Some nut jobs, folks who need lives, conspiracy theorists believe Kenneth Lay is living the good life on some faraway tropical island.

The Smartest Guys in the Room_Enron documentary They just don't buy that Lay, the former chief of Enron, died just weeks after being found guilty in May 2006 of 10 counts of fraud and conspiracy related to the collapse the energy company he founded.

Lay's death meant that he didn't have a chance to appeal his convictions, so they ultimately were thrown out.

And the erasure of the jury verdict meant that Lay's family (and if you go along with the fake death theory, the man himself) was able to escape the court-ordered forfeiture of millions in assets that accompanied the convictions.

To those who insist Lay is still alive, his passing was just too darn convenient.

Well, those folks are having a field day with the latest chapter in the Lay/Enron saga.

On Monday, the U.S. Tax Court ruled in favor of the deceased (or not) Enron chief executive, rejecting the Internal Revenue Service's attempt to collect $3.9 million from Lay's estate and his wife (widow) Linda.

The case concerned transactions in 2001 among Lay, Linda and Enron. That year, the Lays sold $10 million in annuities to Enron as part of an agreement for Lay to reassume the CEO position, with the stipulation that the annuities would be returned to Lay if he worked a 4.25-year term.
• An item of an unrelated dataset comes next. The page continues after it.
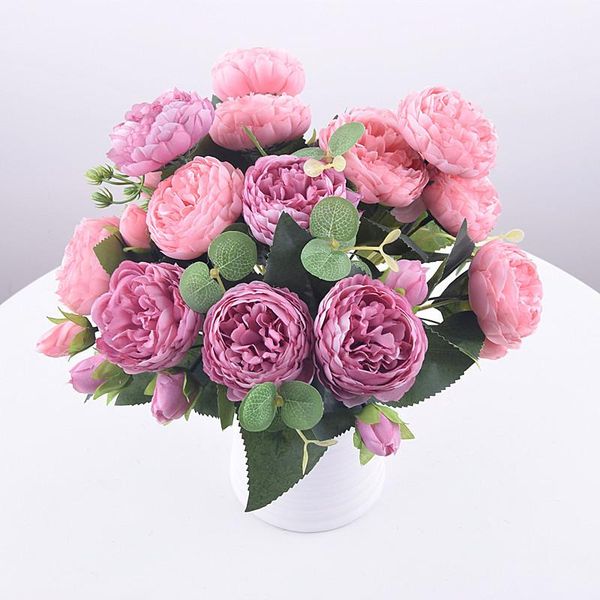 30cm rose pink silk bouquet peony 5 big heads 4 small bud bride wedding home decoration fake flowers faux artificial decorative & wreaths
30cm rose pink silk bouquet peony 5 big heads 4 small bud bride wedding home decoration fake flowers faux artificial decorative & wreaths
Enron, however, filed for bankruptcy protection in December 2001 after revelations of, shall we say, creative accounting led to the company's implosion.

The IRS contested the Lays' contention that the annuities were sold to Enron. In 2009, the IRS filed a notice of tax deficiency for $3.9 million, arguing that the Lays should have reported the $10 million as income in 2001.

Judge Joseph Goeke, however, disagreed with the government.

"The benefits and risks of ownership of the annuity contracts were transferred to Enron in the annuities transaction," wrote Goeke. "The Lays, therefore, properly reported the transaction on their federal income tax return as a sale of the two annuity contracts."

And that means the Lay estate doesn't have to hand over $3.9 million to the IRS.

Other lawsuits involving Enron's creditors, the government and Lay's estate remain. But the way things have gone so far, those fighting the Lays might want to rethink settling sooner rather than later.